- Directed by: Paul Almond
- Written by: Paul Almond
- Produced by: Paul Almond
- Starring: Geneviève Bujold; John Vernon; Beata Hartig; Meg Hogarth;
- Cinematography: Jean Boffety
- Edited by: Honor Griffith; James Mitchell;
- Music by: Luke Gibson; Nexus;
- Release date: 1972 (Canada);
- Running time: 88 minutes
- Country: Canada
- Language: English

= Journey (1972 film) =

Journey is a 1972 Canadian film written, directed and produced by Paul Almond.

==Synopsis==

Journey is the allegorical story of a young woman's struggle - outside the normal framework of space and time - to find herself.

Found drifting down the Saguenay River, half-drowned and clinging to a log, a woman (Geneviève Bujold) is rescued by Boulder (John Vernon), who carries her to Undersky, his commune in the Quebec wilderness. Named after the river from which she was saved, Saguenay is haunted by memories of her past and remains unresponsive for days, drifting in and out of consciousness. She gradually becomes aware of the life going on around her and begins to explore it. But she senses she has brought ill fortune to this community and fears something in her past has doomed her and all who know her. Finally, she journeys back up the river to confront the nightmare of her past. By doing so, she breaks through to the present and arrives at the mouth of the river.

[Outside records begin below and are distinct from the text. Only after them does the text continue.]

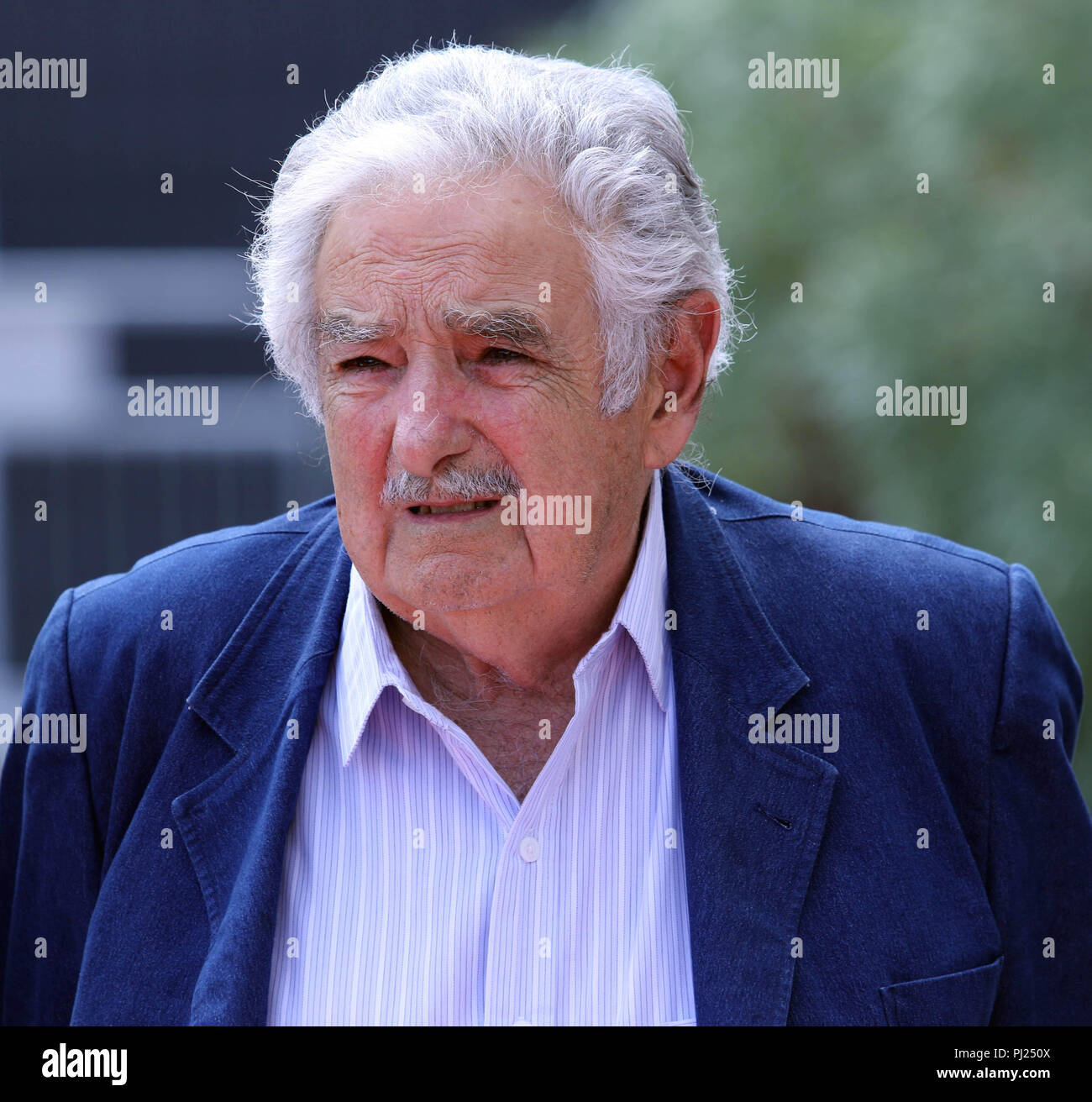 Venezia, Italia, Lido di Venezia, 03 settembre, 2018 : Pepe Mujica, Uruguay ex presidente, presso il tappeto rosso del film 'Pepe n.a. vida suprema' film sulla vita di Pepe Mujica. Settantacinquesimo Venice International Film Festival. Foto © Ottavia Da Re/Sintesi/Alamy Live News Foto Stock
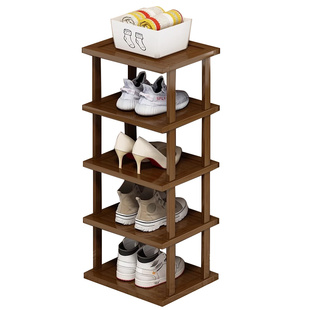 鞋架家用门口迷你窄小鞋子置物收纳架多层鞋柜入门窄高立式省空间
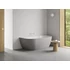 Kép 1/5 - RAVAK Freedom Wall Tec 170x87, akrilkád, Smoke Grey/fehér, fehér lefolyó
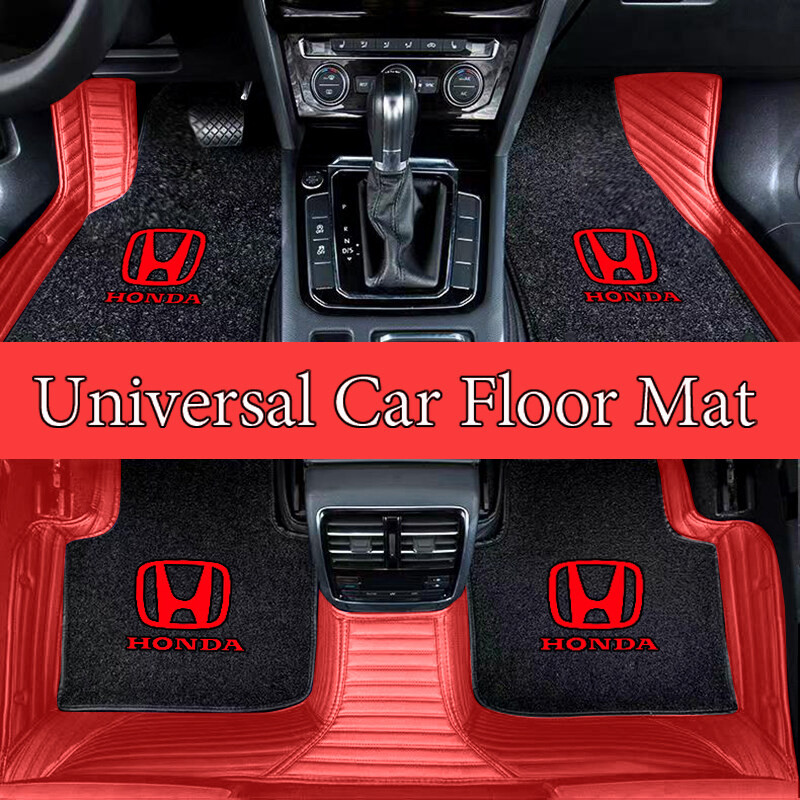 4 Thảm Flannel Thảm Lót Sàn Ô Tô Chống Trơn Trượt Cho Xe Honda Civic CRV BRV HRV City Jazz Fit Odyssey Jade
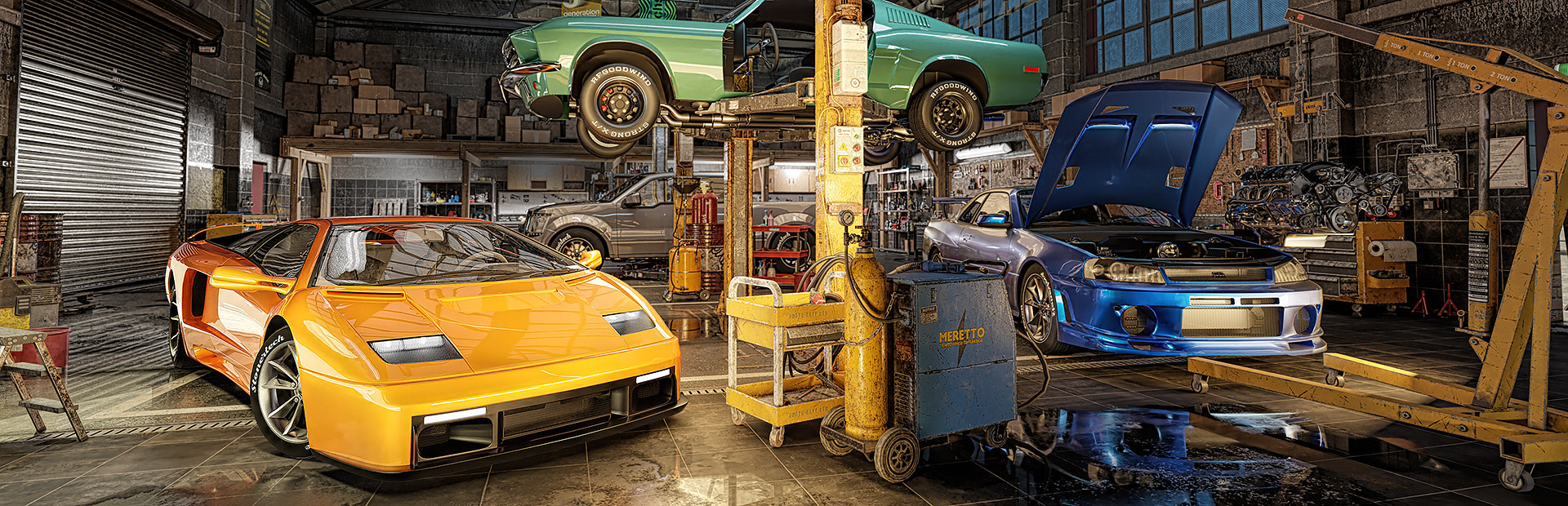 汽车修理工模拟2021|Car Mechanic Simulator 2021|1.0.40|整合全DLC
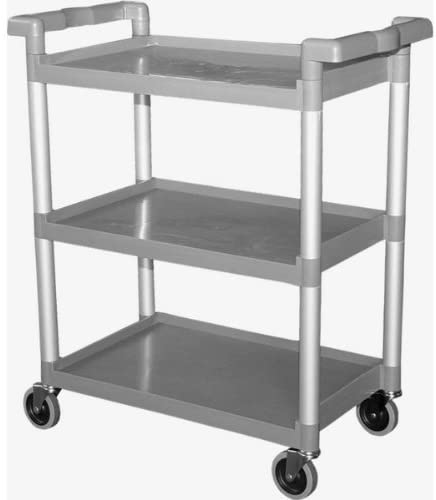 GSW Functional Plastic Utility Bus Cart, 19-1/2" x 41" x 45-1/2"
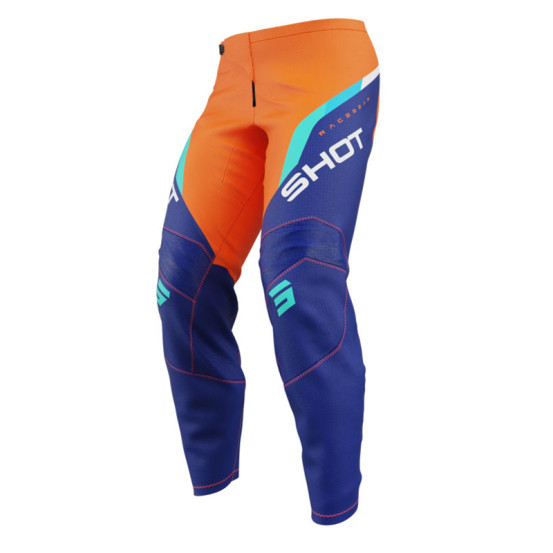 Pantalon cross enfant Shot 2026 Draw Daytona - Orange
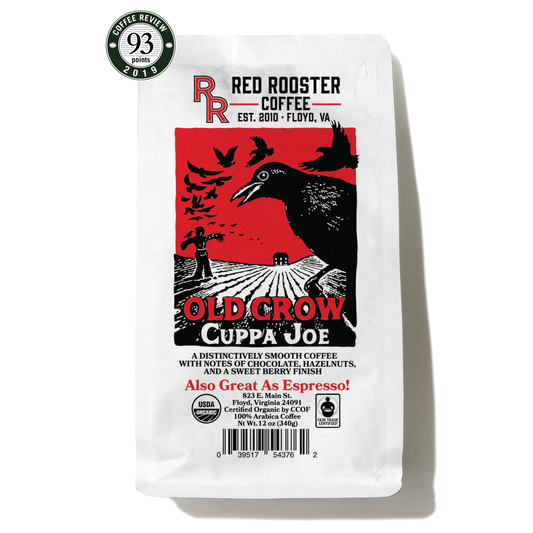 Sippd X Red Rooster Coffee Organic Old Crow Cuppa Joe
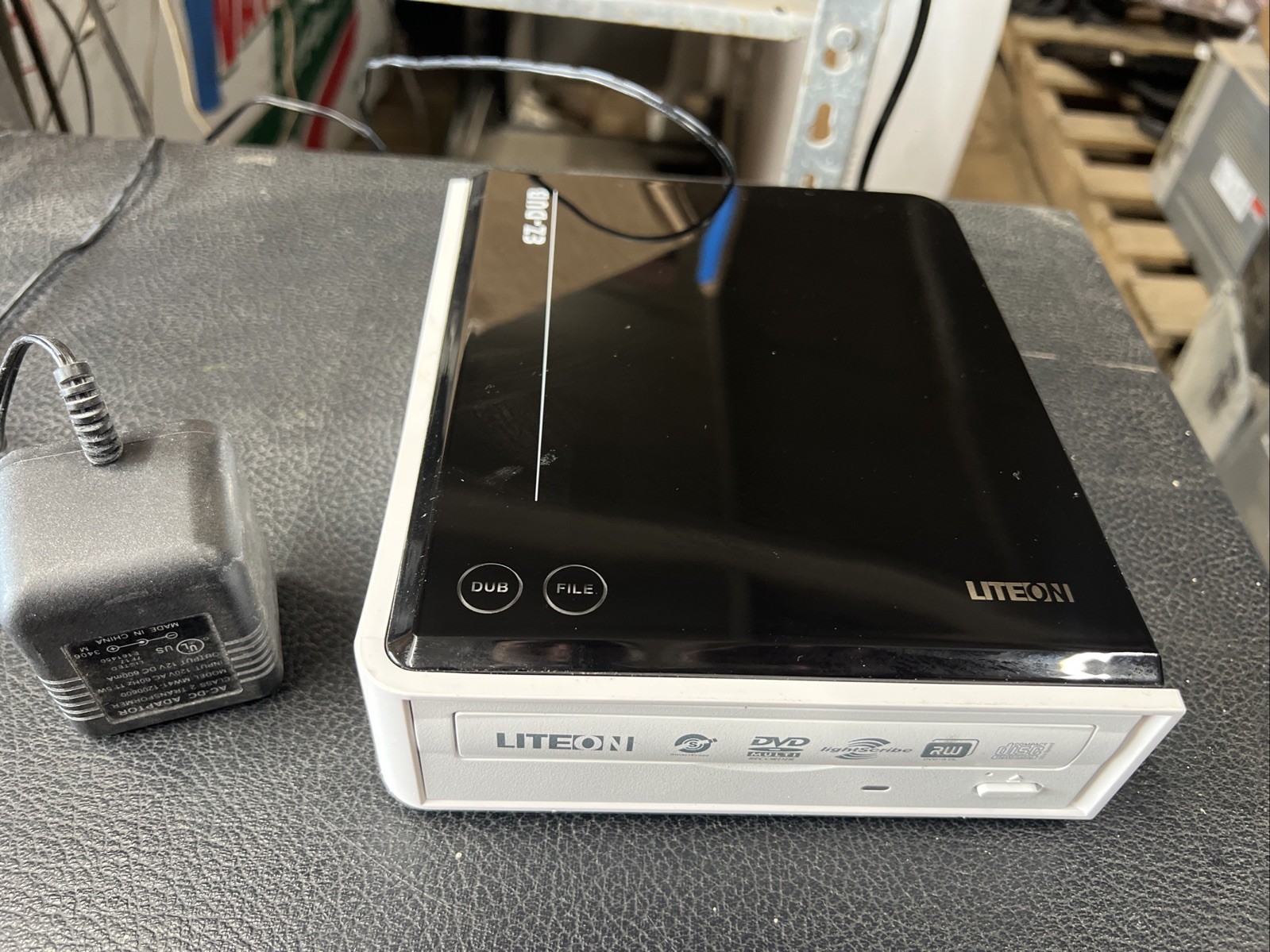 LITEON EZ-DUB External DVD RW Writer 20x PC CD/CD-R/DVDRW + USB working FASTPOST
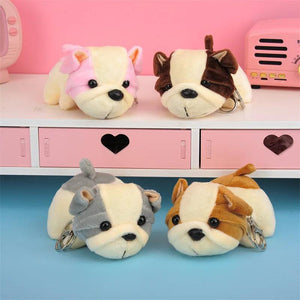 Shar Pei Papa Dog Plush Toy Pendant Keychain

The cast also includes George Sperdakos, Elton Hayes, Luke Gibson, Greg Adams, Mary Bellows, Gale Garnett, Judith Gault, Beata Hartig, Meg Hogarth, Gary McKeehan, Patsy Rahn and Ratch Wallace.

==Reception==

This is Paul Almond's last film in his trilogy with Bujold that began with Isabel (1968) and The Act of the Heart (1970). Obscure and complex, the final film is considered the weakest of the trilogy, lacking the passion of the first two. Poorly received, it was a box-office failure and ended Almond's attempt to create art film in Québec.

It was featured in the Canadian Cinema television series which aired on CBC Television in 1974.